╭──
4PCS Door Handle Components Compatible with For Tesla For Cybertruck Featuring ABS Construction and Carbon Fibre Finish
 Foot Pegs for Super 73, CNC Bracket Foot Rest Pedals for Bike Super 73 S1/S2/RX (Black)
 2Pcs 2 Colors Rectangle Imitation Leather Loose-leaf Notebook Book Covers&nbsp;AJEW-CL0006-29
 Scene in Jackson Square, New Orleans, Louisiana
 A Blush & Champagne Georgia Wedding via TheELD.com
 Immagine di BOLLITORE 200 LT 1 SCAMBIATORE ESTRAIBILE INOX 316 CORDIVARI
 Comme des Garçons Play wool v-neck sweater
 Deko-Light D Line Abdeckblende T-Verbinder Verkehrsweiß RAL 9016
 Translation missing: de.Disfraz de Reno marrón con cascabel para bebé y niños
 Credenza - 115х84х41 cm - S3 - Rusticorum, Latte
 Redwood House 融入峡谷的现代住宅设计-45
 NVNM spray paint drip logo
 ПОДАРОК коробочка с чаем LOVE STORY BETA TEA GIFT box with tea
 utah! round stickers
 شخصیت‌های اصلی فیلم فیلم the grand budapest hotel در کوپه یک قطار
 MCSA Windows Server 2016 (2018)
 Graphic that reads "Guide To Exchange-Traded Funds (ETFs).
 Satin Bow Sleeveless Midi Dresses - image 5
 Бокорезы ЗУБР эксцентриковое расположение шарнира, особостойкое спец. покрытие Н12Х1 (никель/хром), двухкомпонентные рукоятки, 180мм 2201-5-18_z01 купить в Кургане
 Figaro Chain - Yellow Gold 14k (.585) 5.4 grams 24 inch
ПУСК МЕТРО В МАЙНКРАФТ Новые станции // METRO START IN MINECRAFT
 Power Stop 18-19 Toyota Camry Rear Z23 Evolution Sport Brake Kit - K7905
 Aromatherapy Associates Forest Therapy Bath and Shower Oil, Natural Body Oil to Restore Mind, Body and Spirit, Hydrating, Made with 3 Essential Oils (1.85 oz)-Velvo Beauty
╰──
■ Activity ■
Copy out the range of lines above starting at the line with "MCSA Windows Server 2016 (2018)" and ending at the line with "Satin Bow Sleeveless Midi Dresses - image 5", exactly and including both.

■ Result of this exercise ■
 MCSA Windows Server 2016 (2018)
 Graphic that reads "Guide To Exchange-Traded Funds (ETFs).
 Satin Bow Sleeveless Midi Dresses - image 5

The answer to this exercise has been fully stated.